The International Transport Workers' Federation tried to board the ship yesterday when it was docked in Gladstone only to be told the crew was "too busy".
This vessel, Unity, has caught the Federation's attention because the Greek owned bulk carrier, sailing under a Panama flag, hasn't left Australian waters for at least the past month.
Mr Summers is concerned this ship is regularly trading within Australia, but because it isn't registered here sailors aren't getting Australian minimum wages.
Mr Summers is determined to have an inspector board the ship when it docks in Brisbane on Thursday.
"We won't be dissuaded from our duties. We will get on board and find out what's going on."
The International Transport Workers' Federation union regularly inspects ship to ensure conditions for the crew on board meet Australian standards.
Although it's owned by Greek company Cosmos, it flies the flag of Panama, an arrangement which can enable companies to avoid adhering workplace regulations.

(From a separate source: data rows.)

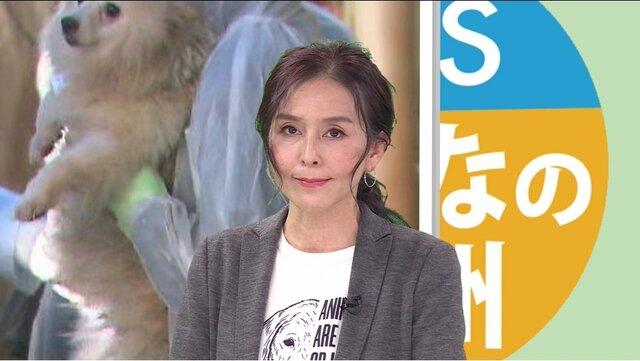 杉本彩さん絶句「犬がぼろ雑巾のように…」　“史上最悪”犬452匹虐待事件の初公判【長野発】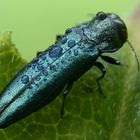 Agrilus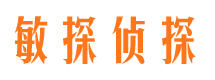 临高外遇调查取证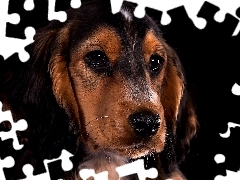 Cocker spaniel, Spojrzenie, Ciemne tło, Mordka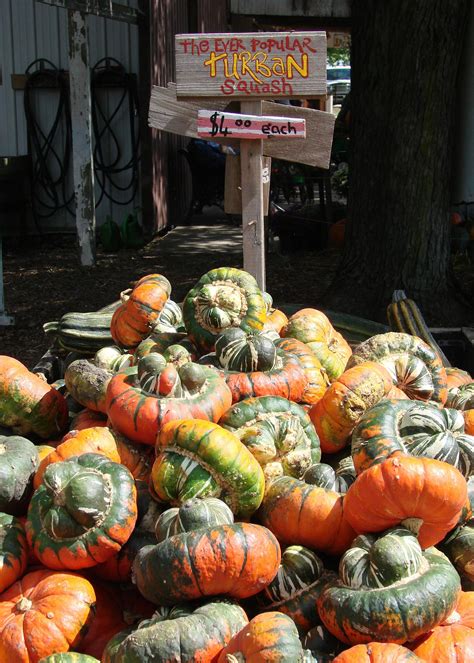 Pumpkins Gourds Make Attractive Fall Displays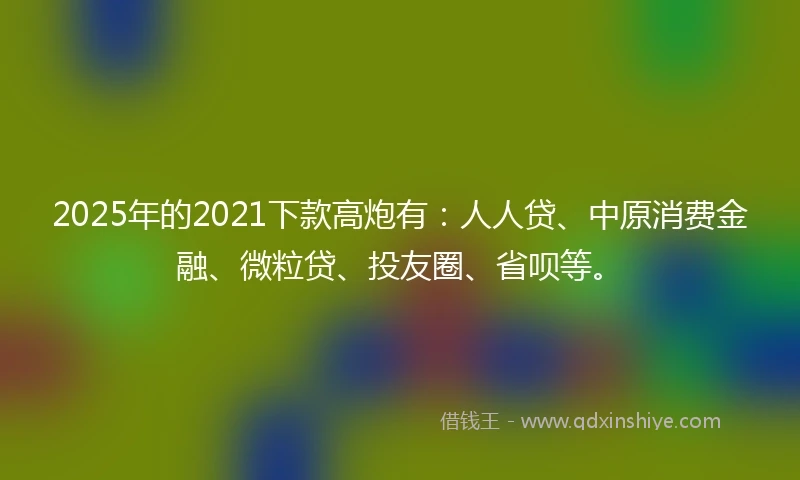 2025年的2021下款高炮有：人人贷、中原消费金融、微粒贷、投友圈、省呗等。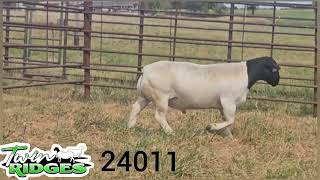 Twin Ridges 24011 SEMEN AVAILABLE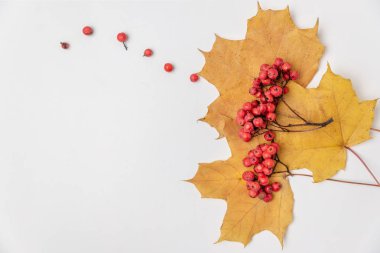 Akçaağaç yaprakları ve beyaz arka planda Rowan meyveleri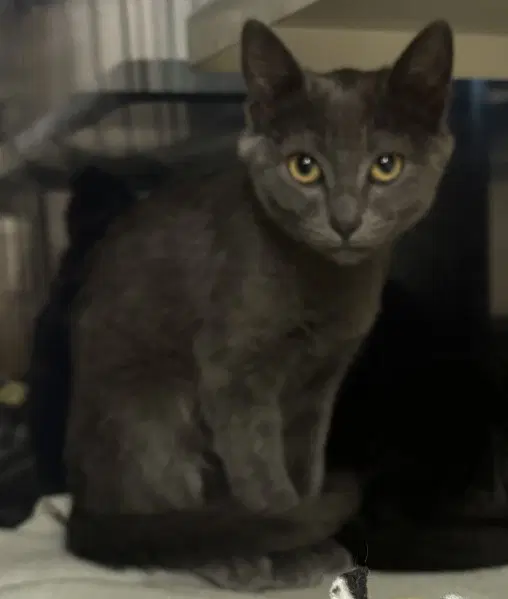 Eva - Domestic Medium Hair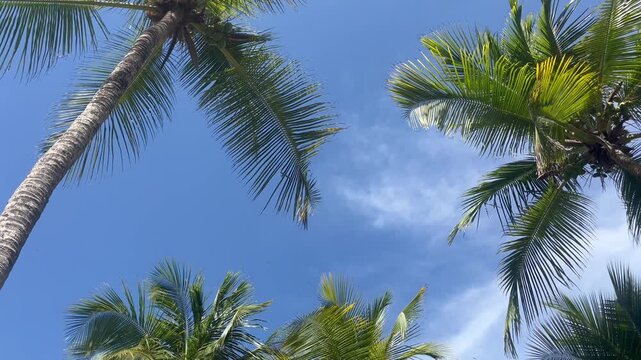 Low angle view of tropical palm trees against bright blue sky
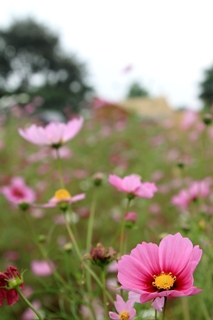 ファイル 1511-4.jpg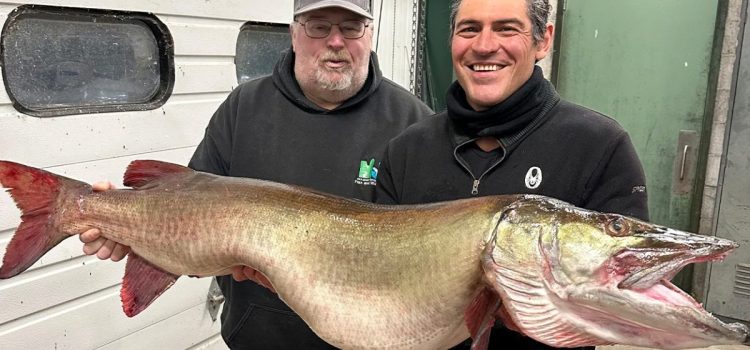 Un record d'État en attente rejeté en raison d'un différend frontalier
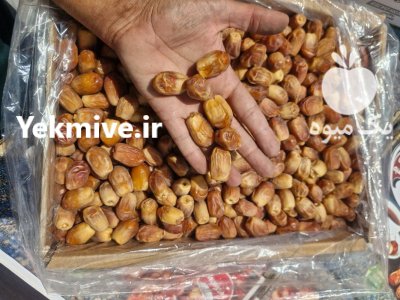خرما زاهدی قیروکارزین قیمت خرمای قیروکارزین در ایلام در گروه خرید و فروش خرما در یکمیوه -عکس3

Last year, the Federal Government launched a senate inquiry into the use of 'flag of convenience' ships -known in the industry as the cheap option -after three deaths on a Japanese owned ship The Sage Sagittarius hauling coal between Australia and Japan.
The senate report is due to be handed down next month. There were 24 submissions including from the Department of Immigration and Border Protection which says the use of 'flag of convenience' ships are more attractive for use in illegal activities.
The submission also states that these ships, with complex financial and ownership arrangements can be shrouded in secrecy making it difficult to hold anyone to account for injuries and deaths on board.